Co-hosted by the Netherlands and Tajikistan, the three-day conference is being portrayed by UN experts as a once-in-a-generation opportunity to accelerate progress towards universal access to safe water and sanitation by 2030.
It also marks the halfway point through the International Decade for Action “Water for Sustainable Development”, adopted by the UN General Assembly on World Water Day – 22 March 2018 – to help put a greater focus on water
“The conference will be an occasion to unite the global community to take action and address the broad challenges surrounding water,” according to Li Junhua, Under-Secretary-General for Economic and Social Affairs and the Secretary-General of the conference.
A main outcome of the Conference will be a Water Action Agenda that will capture the ambitious new commitments from Member States and other stakeholders, he said.
The Conference is set to bring together Heads of State and Government, Ministers, and other high-level representatives of governments and the UN system.

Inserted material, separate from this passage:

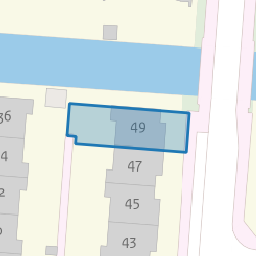 Perceel GVD02-B-3058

Pakistan will be represented by a four-member delegation, including Hassan Nasir Jamy, secretary of the Ministry of Water Resources.
In an earlier event, Pakistan’s UN Ambassador Munir Akram, while underscoring the conference’s importance, had said that “Because of climate change and other developments, we suffer from floods during the summers and drought in the winter repeatedly.”
Around 3.6 billion people struggle to get enough water to meet their needs for at least one month every year, according to the World Meteorological Organization, a Geneva-based UN agency.
Water is at the core of sustainable development, the UN said, adding it supports all aspects of life on Earth, and access to safe and clean water is a basic human right. “However, decades of mismanagement and misuse have intensified water stress, threatening the many aspects of life that depend on this crucial resource.”
Many water sources are becoming more polluted, and ecosystems that provide water are disappearing, it was pointed out, and climate change is disrupting the water cycle, causing droughts and floods.
The conference will include an opening and closing session, six plenary sessions, and five interactive dialogues, as well as side events organized by participants. It will result in a summary of proceedings from the UNGA President that will feed into the 2023 session of the UN High-level Political Forum on Sustainable Development (HLPF).